Most frequently it is not. The wolf of coronary artery disease is only one of many causes for chest pain. Usually pain arises from what I call the “barrel.“ This is the complex of ribs, muscles, tendons, joints, ligaments and nerves that comprise the chest wall. Much less frequently, it is due to the contents of the barrel-the heart, lungs and esophagus.
The doctor’s first task is to decide whether the pain comes from the barrel or the contents; ultimately the major decision is whether or not the pain is due to the heart. In the numerous instances of chest pain, the worry is not about its severity-it is frequently mild and often little more than a discomfort-but what it means.
If it’s chest wall pain, it means virtually nothing. And being reassured of that, runners quickly go back to their sport. They find ways to get rid of the pain, or simply put up with it.
Some, however, are not satisfied. Chest wall pain is too vague a diagnosis. Some physicians are not satisfied either. They would like tests to prove diagnosis. But the diagnosis of chest wall pain is not made by tests. It is made by a history and a physical exam. In fact, in diagnosing the cause, the most accurate method is the history.
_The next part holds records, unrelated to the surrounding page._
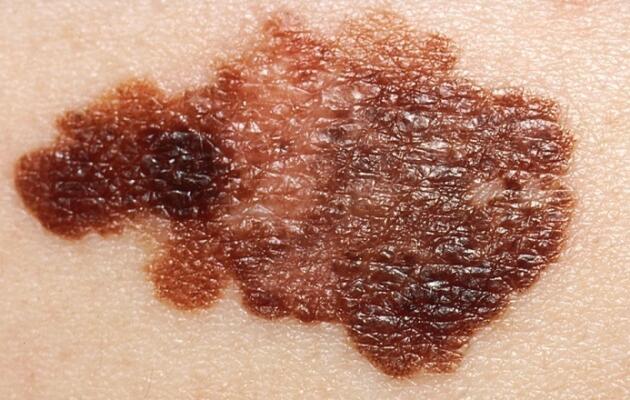 melanoma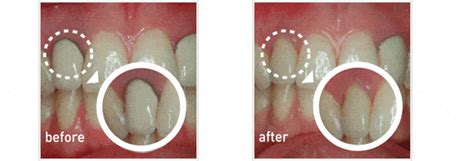 Zirconia Dental Implants-What are they and the Benefits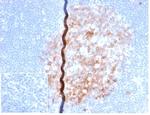 CD86 (Dendritic Cells Maturation Marker) Antibody in Immunohistochemistry (Paraffin) (IHC (P))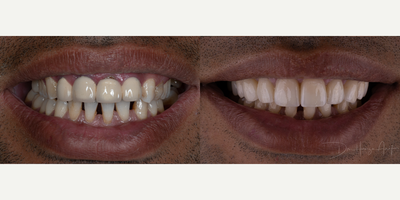25-34 year old man treated with Dental Crown - Here is a partial reset of an ongoing treatment. Patient initially approached us about being uncomfortable with his dental work completed years prior. They also insisted that we initiate treatment with the top teeth. After rehabilitating the bite with top dental restorations, patient is now undergoing Invisalign and will finalize treatment with bottom veneers.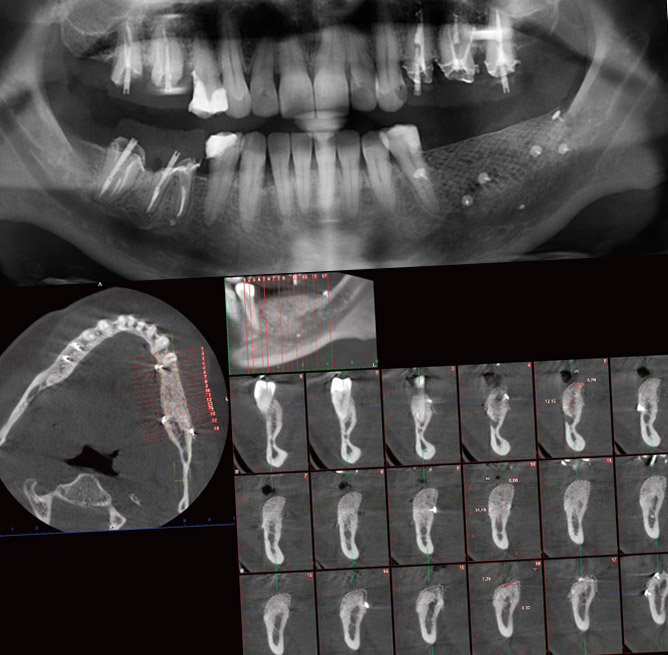 figure 11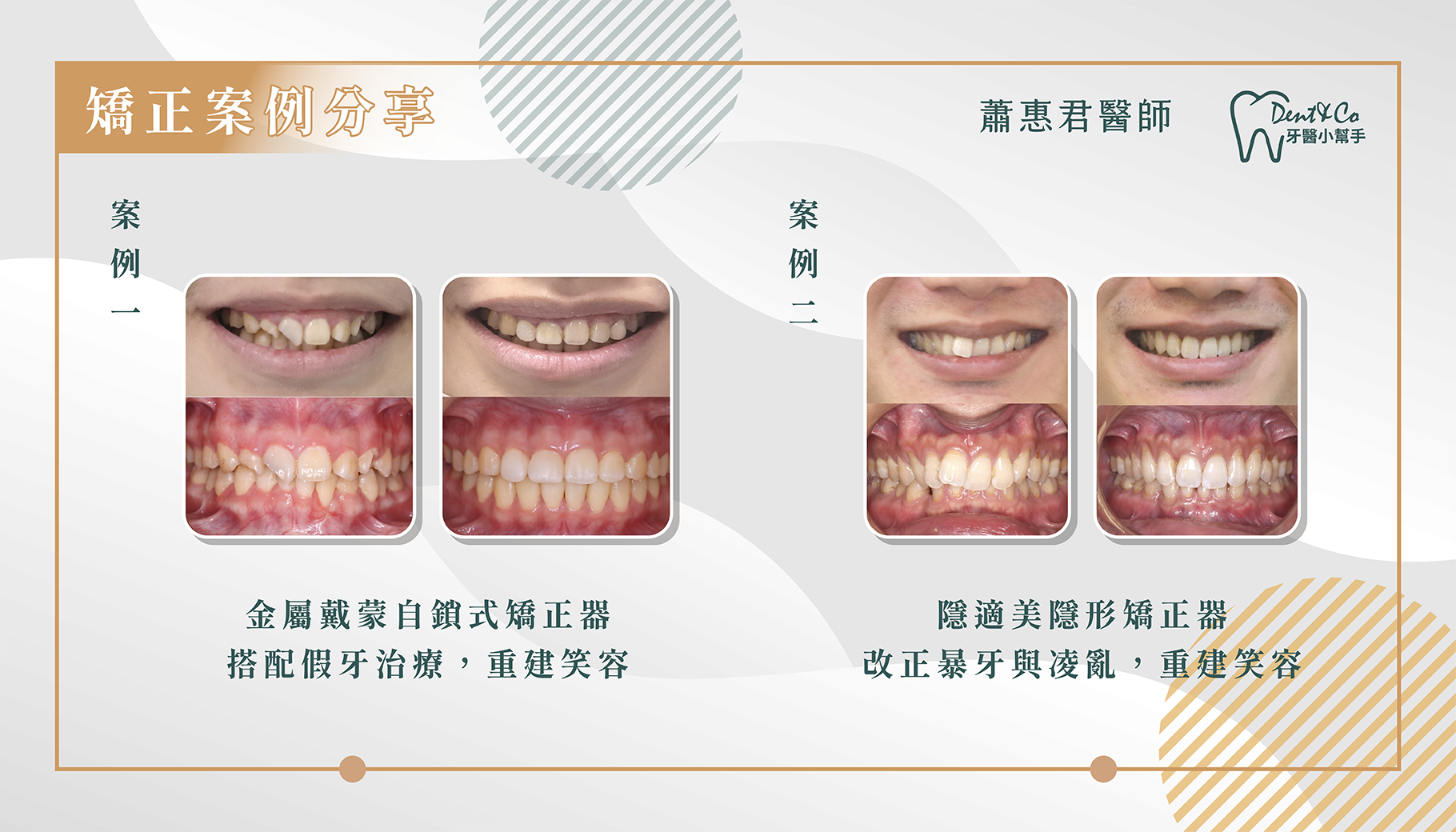 部落格文章_矯正醫師文章_蕭惠君_案例展示_蕭惠君_02.png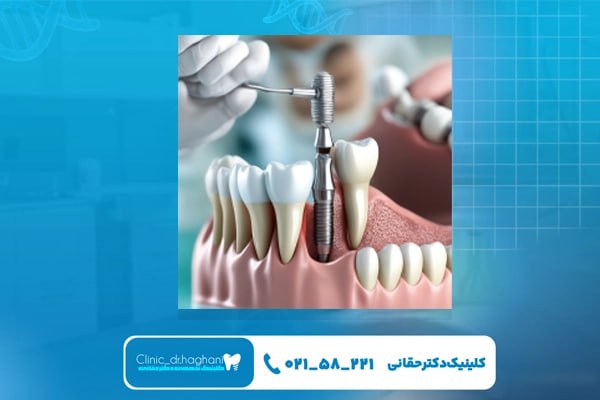 مراحل کاشت ایمپلنت دندان فوری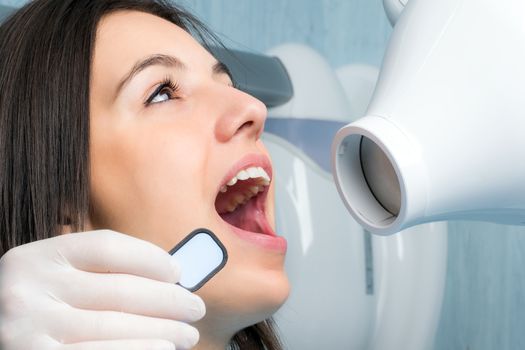 Close up portrait of young woman with open mouth next to x-ray machine in dental clinic.Assistant holding blank x-ray in front of girl.
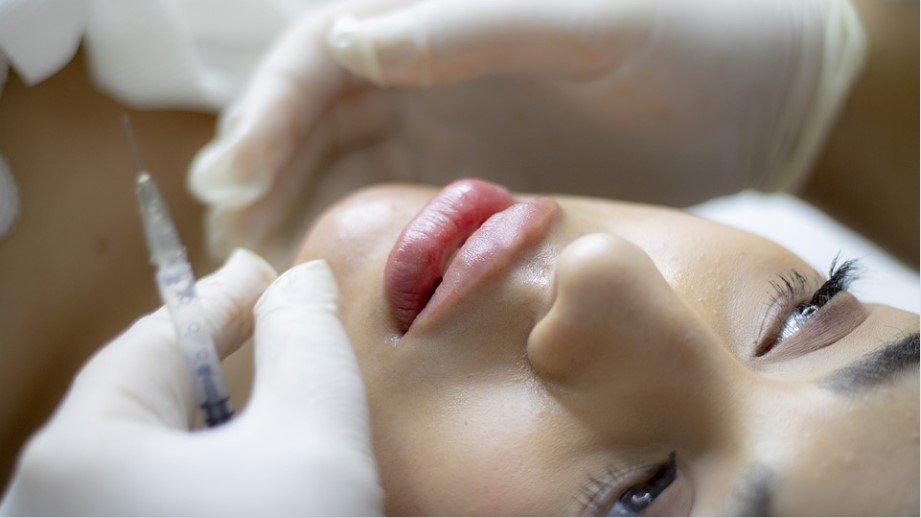 Voici 10 conseils pour obtenir la meilleure injection de remplissage pour les lèvres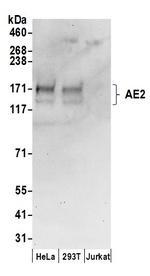 AE2 Antibody in Western Blot (WB)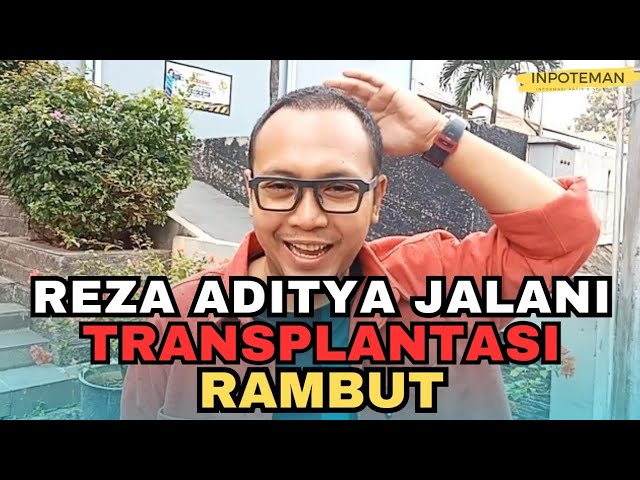 Presenter Reza Aditya Transplantasi Rambut Usai Alami Kebotakan | INPOTEMAN class=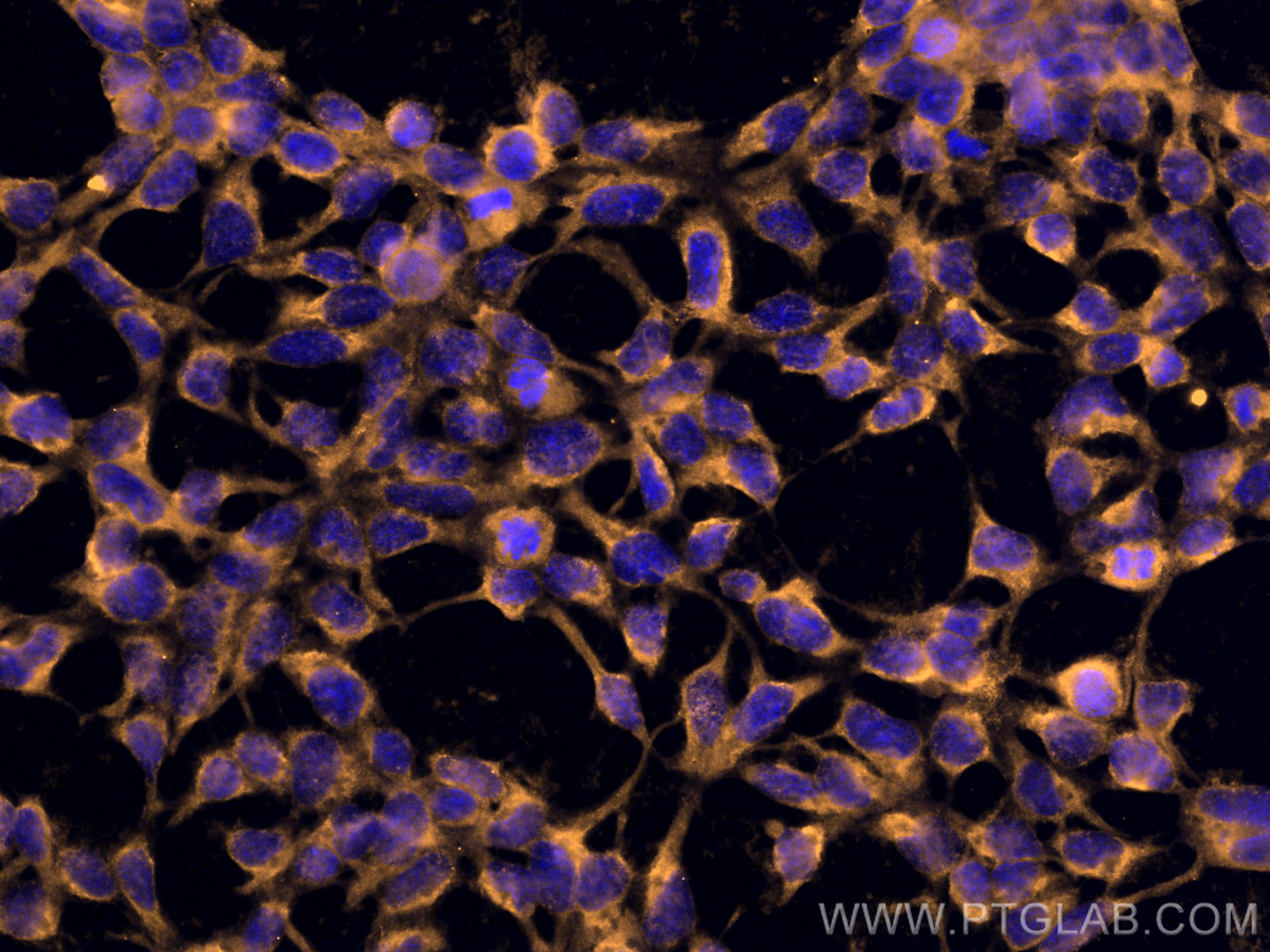 Immunofluorescence (IF) / fluorescent staining of HEK-293 cells using CoraLite®555-conjugated MTHFD1 Monoclonal antibody (CL555-67670)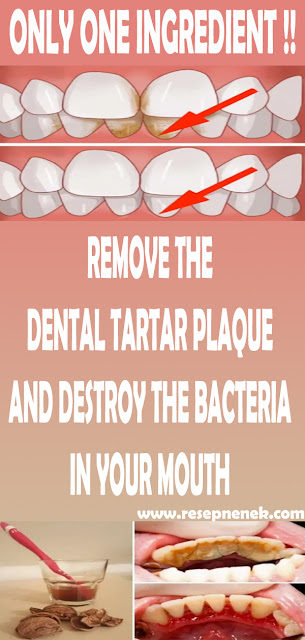 REMOVE THE DENTAL TARTAR PLAQUE AND DESTROY THE BACTERIA IN YOUR MOUTH WITH ONLY ONE INGREDIENT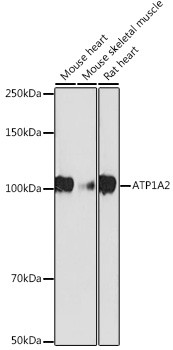 ATP1A2 Antibody in Western Blot (WB)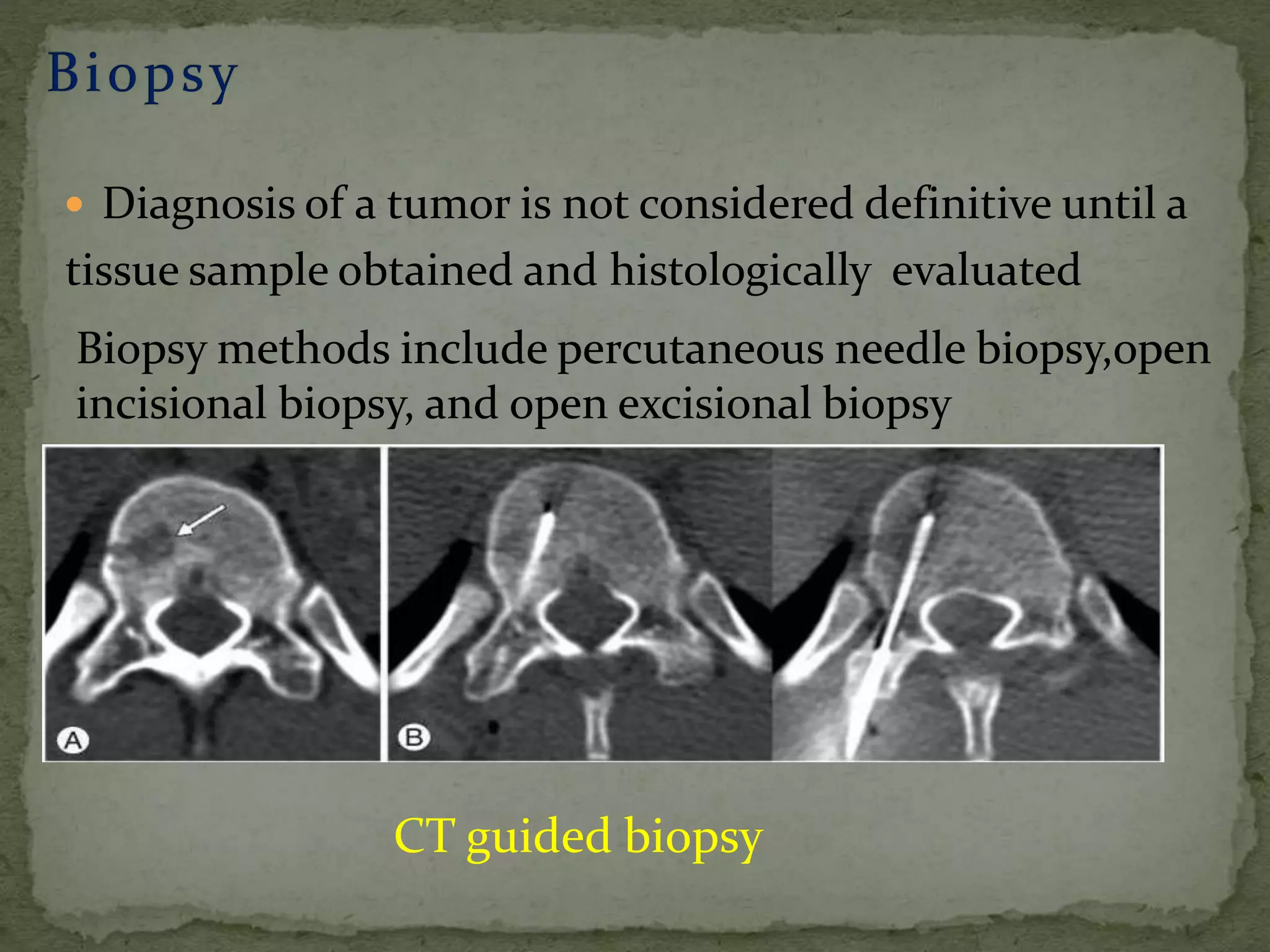  Diagnosis of a tumor is not considered definitive until a
tissue sample obtained and histologically evaluated
CT guided biopsy
 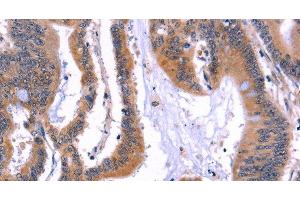 Immunohistochemistry of paraffin-embedded Human colon cancer using ARC Polyclonal Antibody at dilution of 1:50 (ARC antibody)
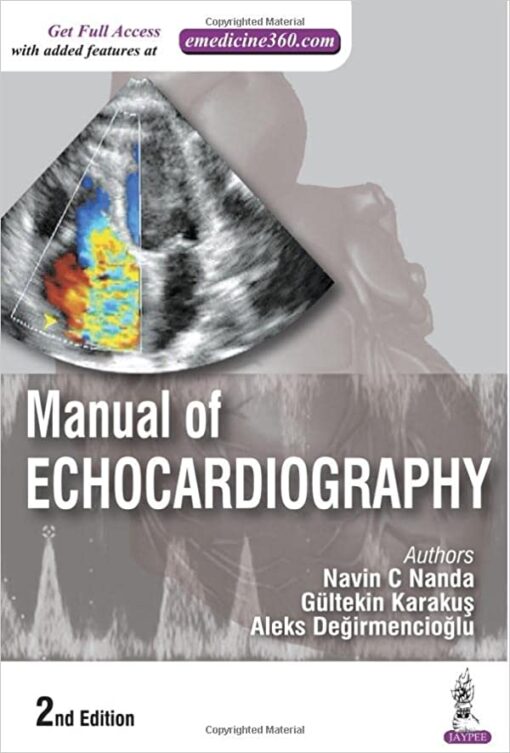 Manual of Echocardiography, 2nd Edition (Original PDF from Publisher)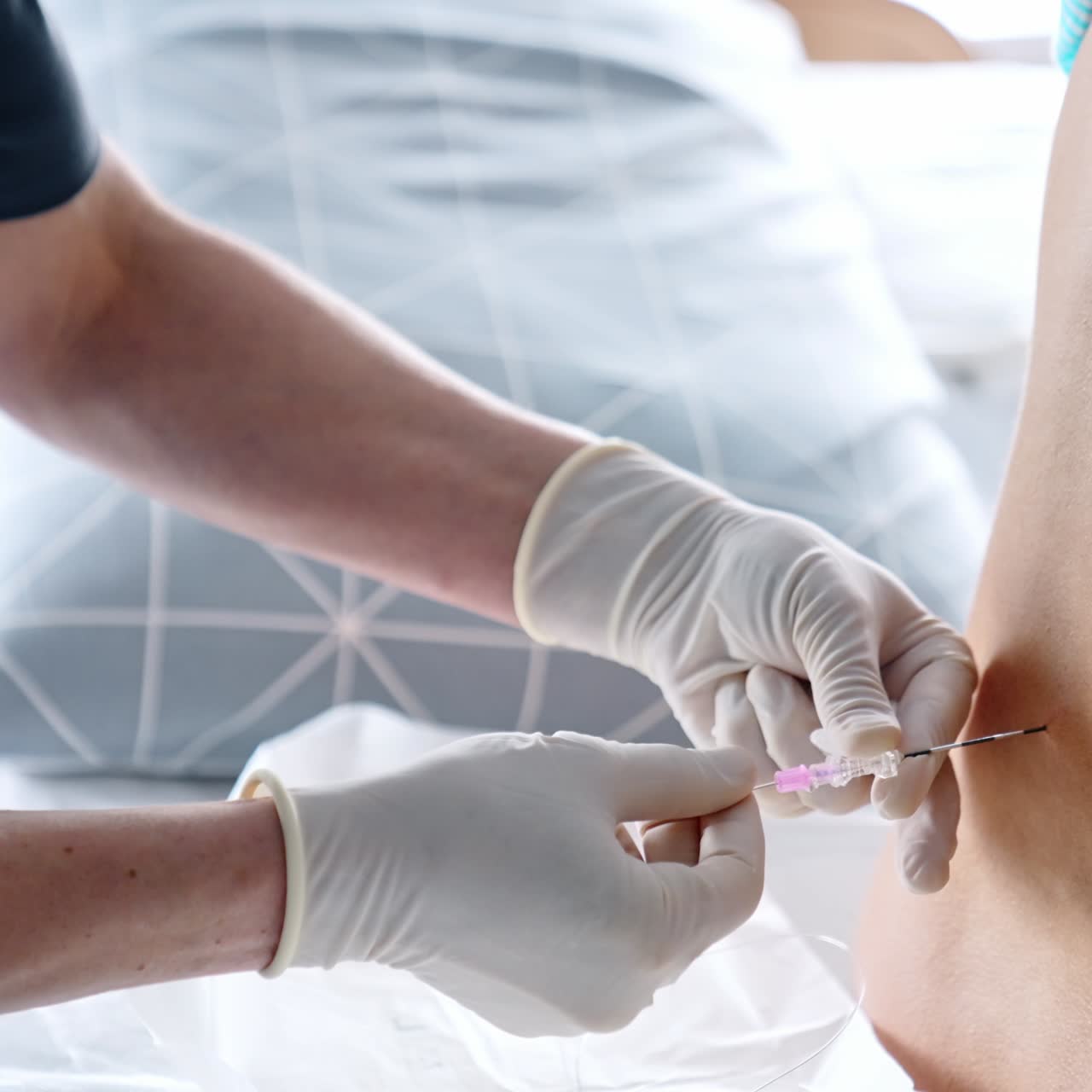 Doctor performs epidural anesthesia for a pregnant lady. Preparation for the giving birth to a child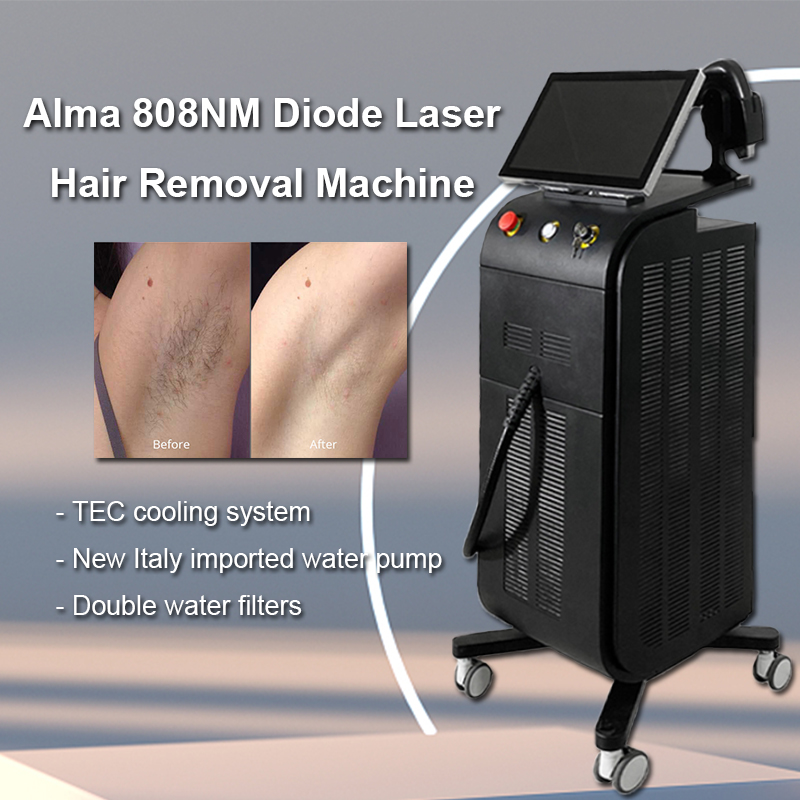 alma 808 diode laser hair removal machine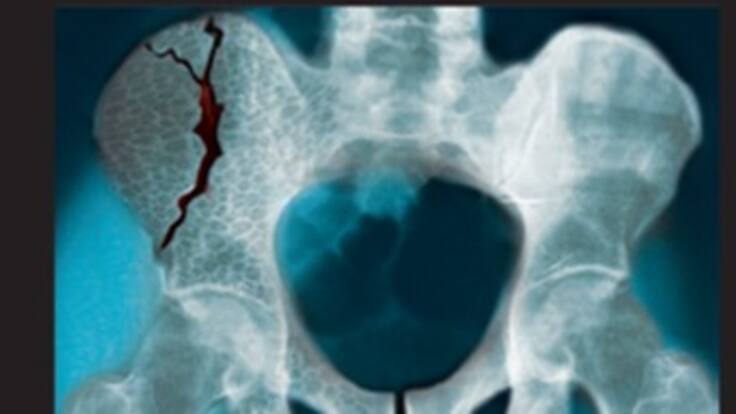 Las crudas imágenes que acompañarán las cajetillas de cigarrillos en 2013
The history is 97 percent accurate in the diagnosis of chest pain due to coronary heart disease. This surpasses any one of the high-tech ways of establishing the presence of coronary narrowing or obstruction short of angiography. For instance, the history is superior to stress tests, which frequently are positive when there is no disease and negative when there is.
Furthermore, the physician who relies on tests is also misled by them. If an echocardiogram reveals a mitral-valve prolapse, that prolapse is immediately accepted as the cause of the chest pain. Yet we know that the association of mitral-valve prolapse and cardiac symptoms is questionable. In the highly regarded Framingham, Mass., study, a survey found no difference in the incidence of chest pain in comparable groups with and without mitral-valve prolpase.
Physicians also pursue the equally questionable hiatus hernia. I have a hiatus hernia myself and know it can cause symptoms, but the pain is not brought on by effort and is readily distinguishable from that caused by heart and chest wall. So finding a hiatus hernia need not be the explanation of a patient’s chest pain.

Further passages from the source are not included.